§ REQUIRED WORK:
Which lines run from the line with "vidaXL Stolik boczny" to the end of the entries? Write out exactly those, leaving out the pictures.

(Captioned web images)
════════

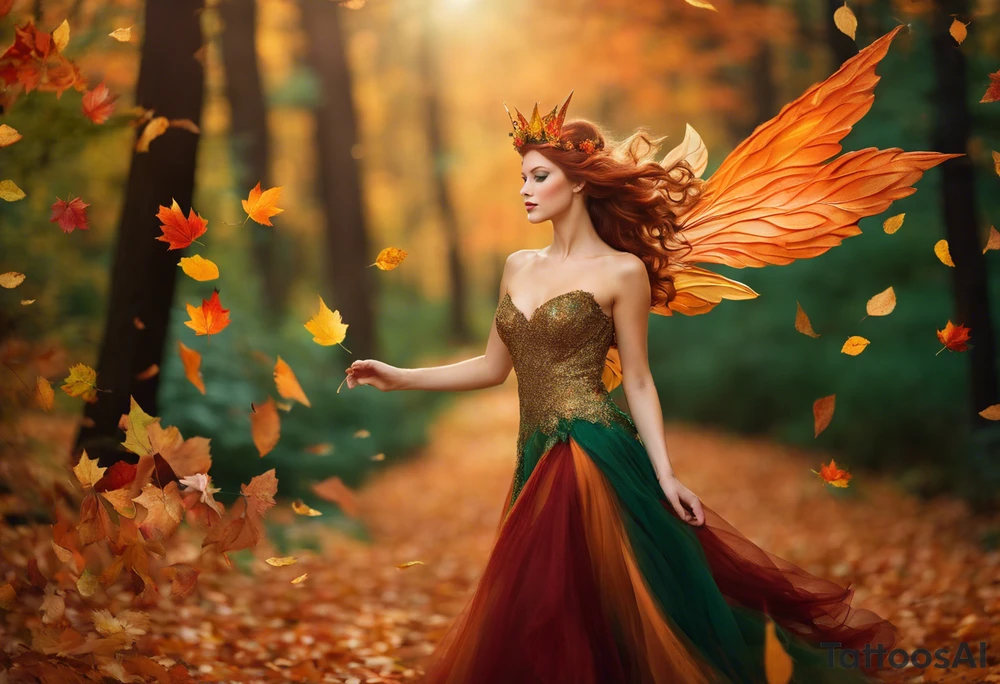 A winged fairy in the middle of a forest during the peak of autumn, twirling in a whirlwind of autumn leaves. The fairy's hair is auburn with copper colors and a crown of gold, orange, and red leaves adorning her head. Her eyes are emerald green with gold flecks, ruby lips and pale skin. Her dress a coppery orange, with leaves scattered on it. The fairly is swirling in a pile of leaves with arms raised overhead, looking at the sky. tattoo idea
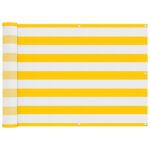 vidaXL Balkónová obrazovka Žltá a biela 75 x 200 cm – Obrázok 2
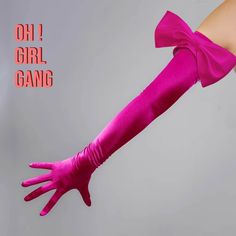 Iconic satin magenta pink gloves with big bow, these are 58cm long gloves with a bow. Aim for a more glamorous style and wear them to your bachelorette party, birthday party, dinner party. Also, they are perfect for hen-do Party ! Spice up your wedding reception outfit or wear them with your favorite Evening dress, Wedding gown or Party costumes.  Fabric: Satin  Color Choices: 1) Magenta Pink, 2) White, 3) Black, 4) Light pink  Size: One size.  ** you can measure the size of your palm, if the ci Gloves Steampunk, Gown Gloves, Steampunk Gloves, Party Gloves, Mules Outfit, Wedding Reception Outfit, Reception Outfit, Costume Gloves, Evening Gloves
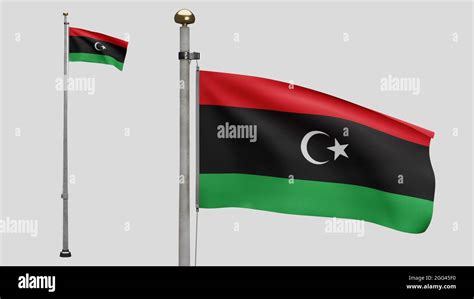 3d Libyan Flag Waving On Wind Close Up Of Libya Banner Blowing Soft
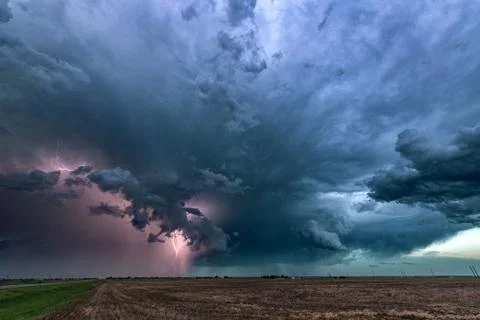 Lightning over Plains Stock Photos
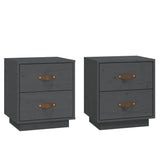 Bedside Cabinets 2 pcs Grey 40x34x45 cm Solid Wood Pine 818330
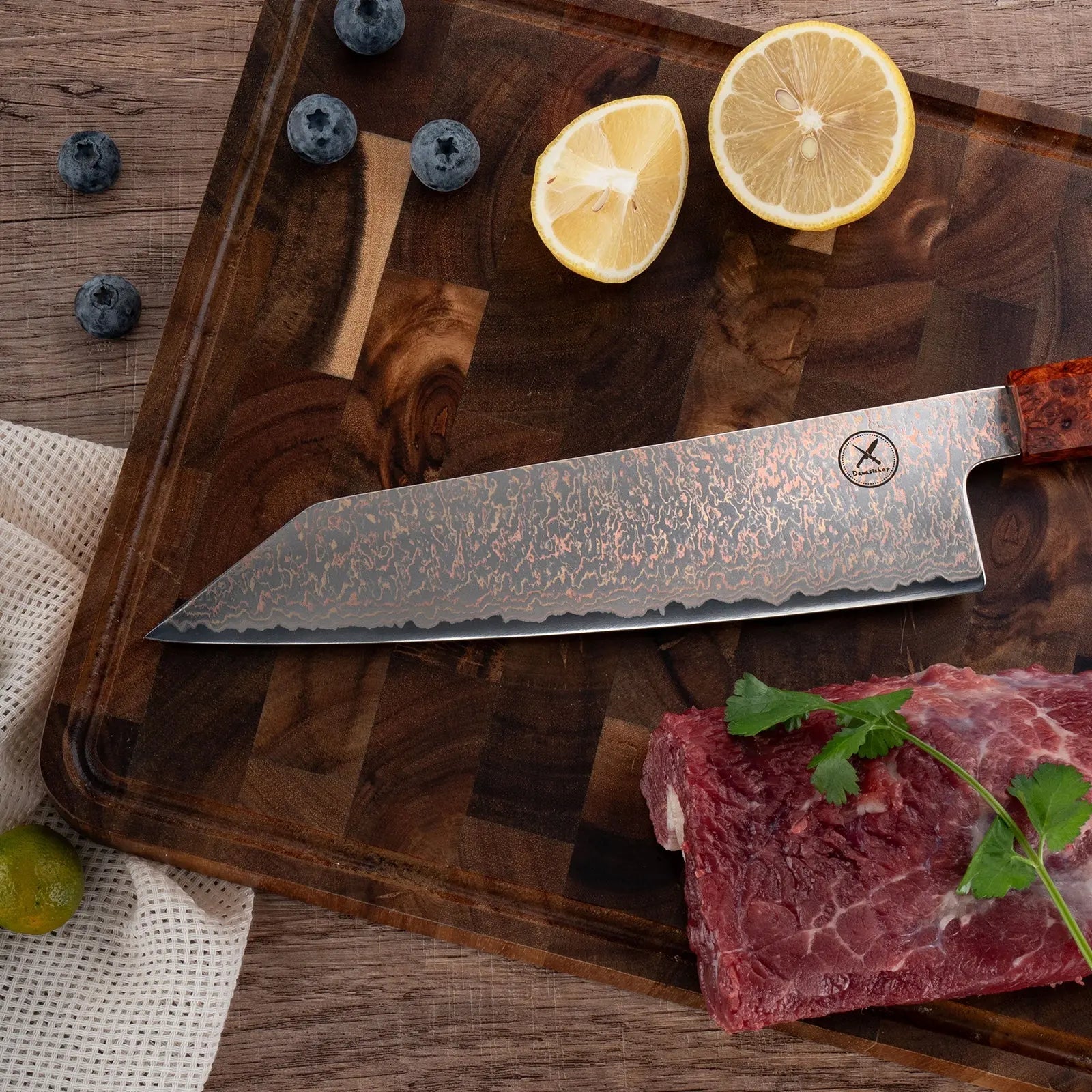 Dreifarbiges Kupfer-Damast Bunka Messer  Bergahorn und Padauk Wurzelholz Damastshop.de - Damastshop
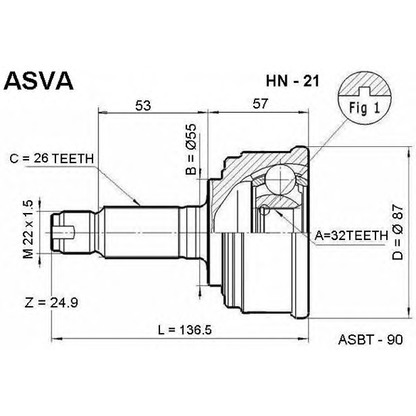 Фото Шарнирный комплект, приводной вал ASVA HN21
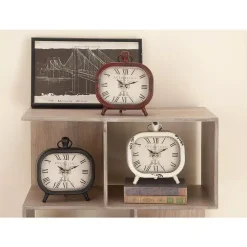 Table Clocks LITTON LANE Classic Rounded Rectangle Iron Table Clock In Distressed Red And Black Or White (3-Pack) -Globe Sales multi litton lane table clocks 52526 31 1000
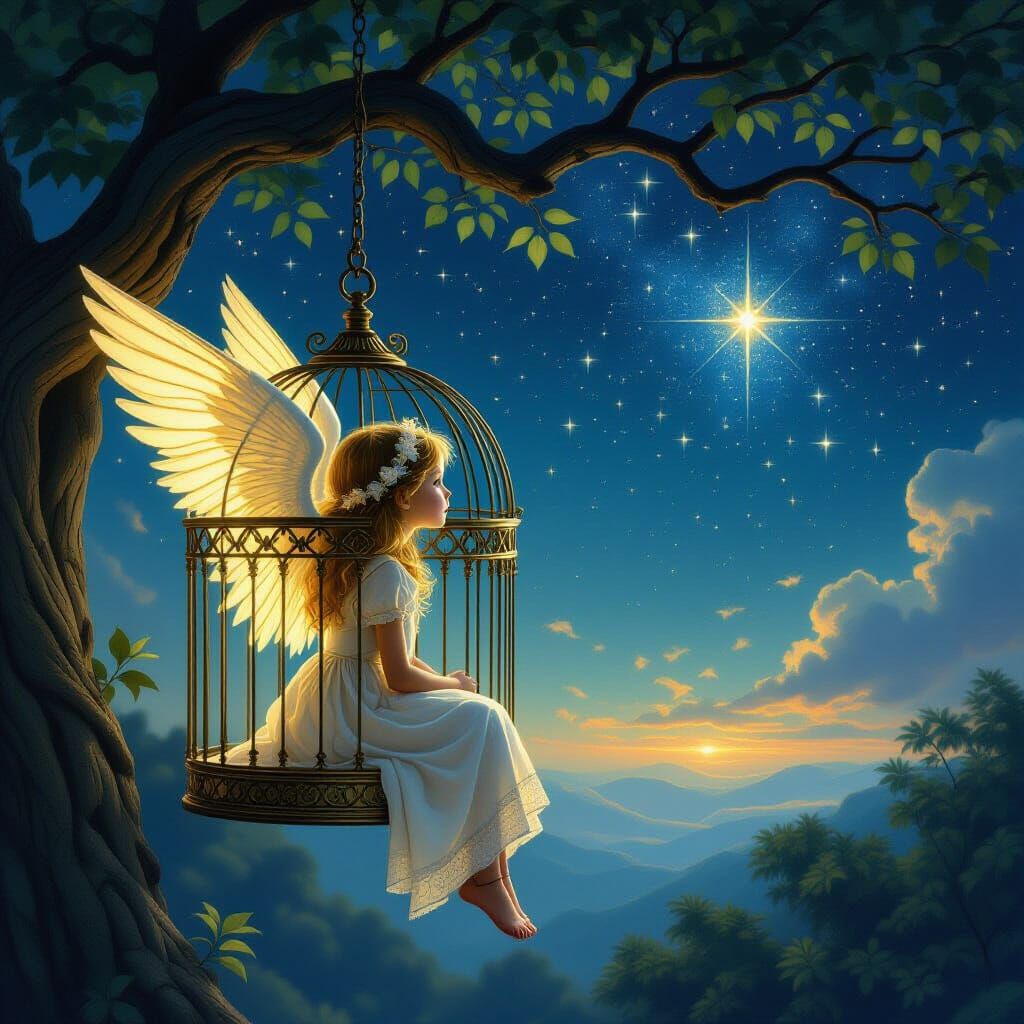 Girl with Golden Wings Trapped in Cage Under Starry Sky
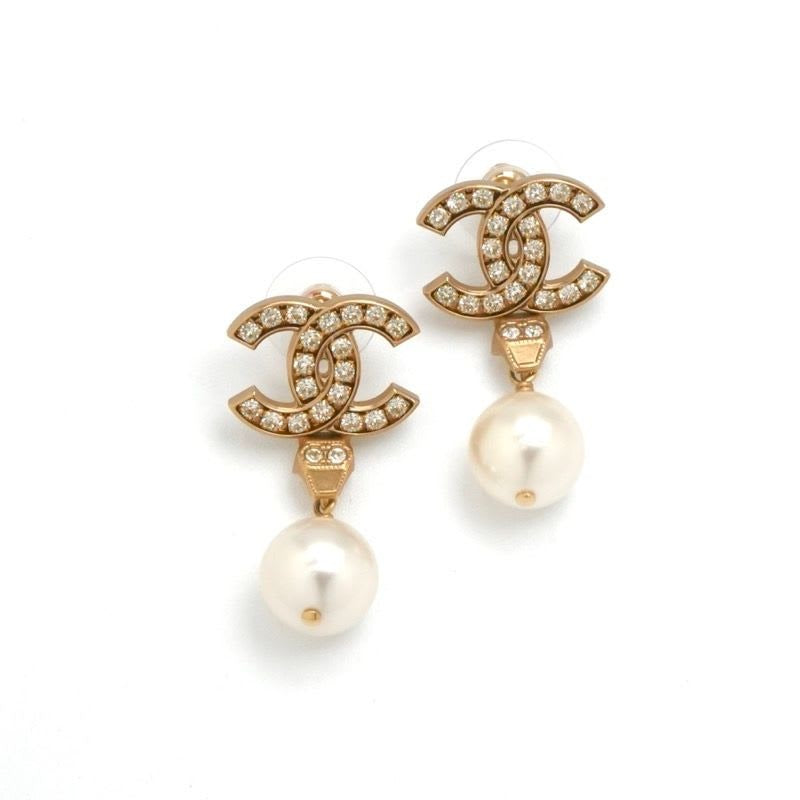Chanel Earrings Gold Coco Mark Rhinestone — view 2
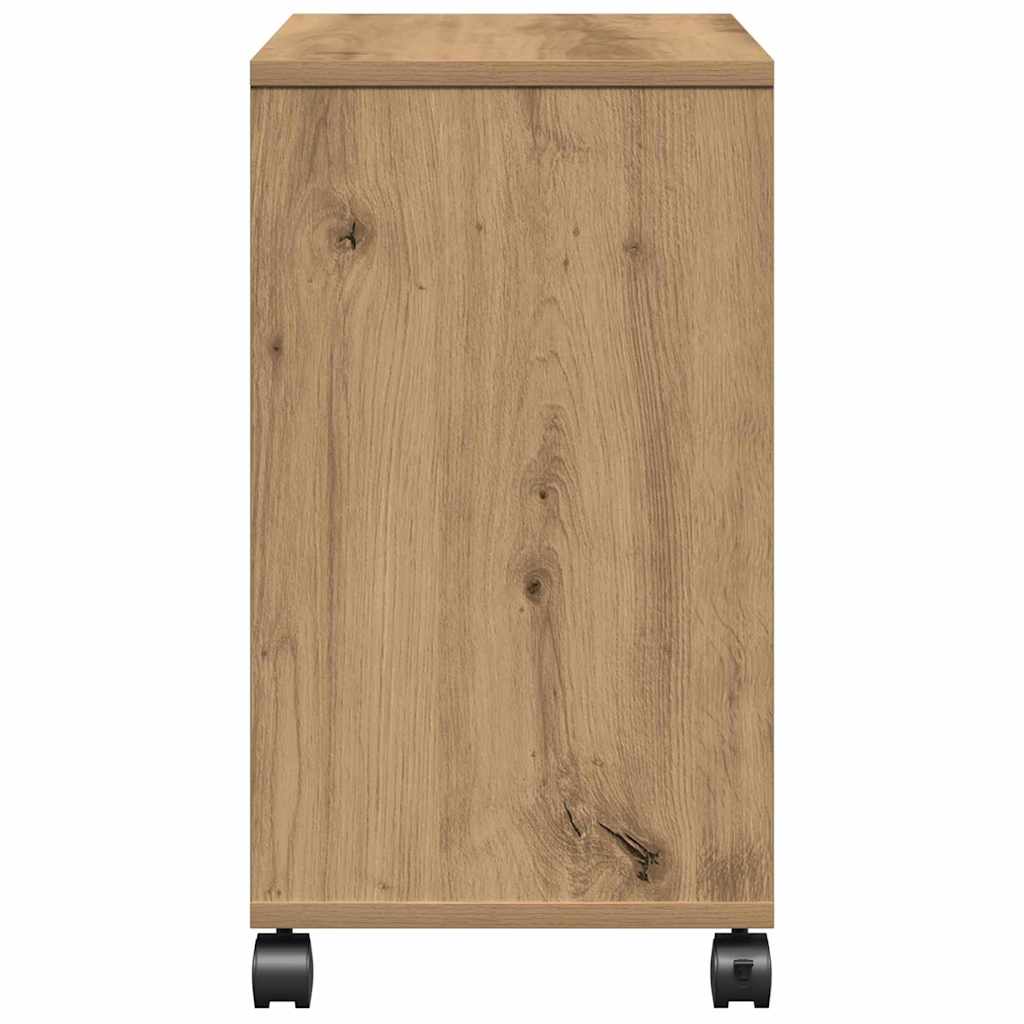 vidaXL Stolik boczny z półką z kołem dąb artisan 50 x 30 x 55 cm
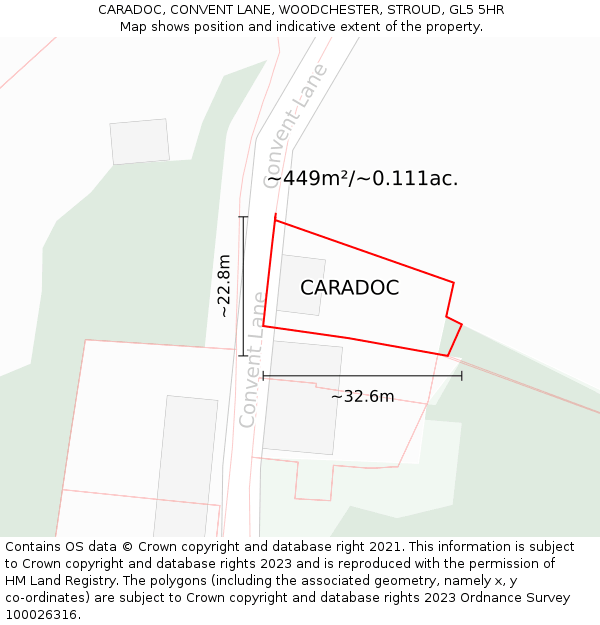 CARADOC, CONVENT LANE, WOODCHESTER, STROUD, GL5 5HR: Plot and title map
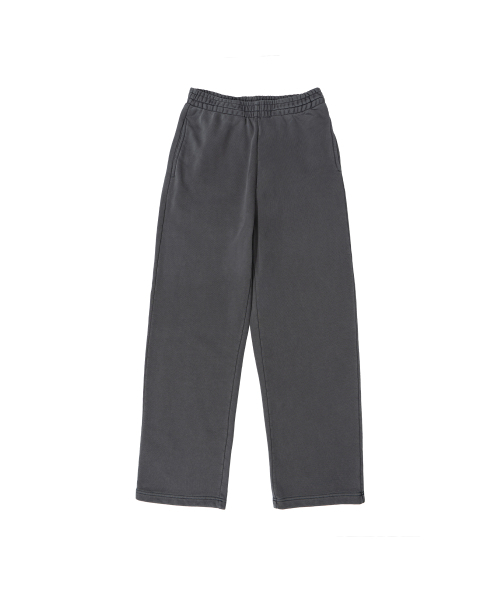BECANVAS(ビキャンバス)の「BECANVAS PIGMENT DYDE OVERFIT STRAIGHT SEWATPANTS (CHARCOAL)(スウェットパンツ・レディース・ダークグレー・LARGE/MEDIUM/SMALL)」の1枚目の写真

════════

§ RESULT:
 vidaXL Stolik boczny z półką z kołem dąb artisan 50 x 30 x 55 cm
 CARADOC, CONVENT LANE, WOODCHESTER, STROUD, GL5 5HR: Plot and title map
BECANVAS(ビキャンバス)の「BECANVAS PIGMENT DYDE OVERFIT STRAIGHT SEWATPANTS (CHARCOAL)(スウェットパンツ・レディース・ダークグレー・LARGE/MEDIUM/SMALL)」の1枚目の写真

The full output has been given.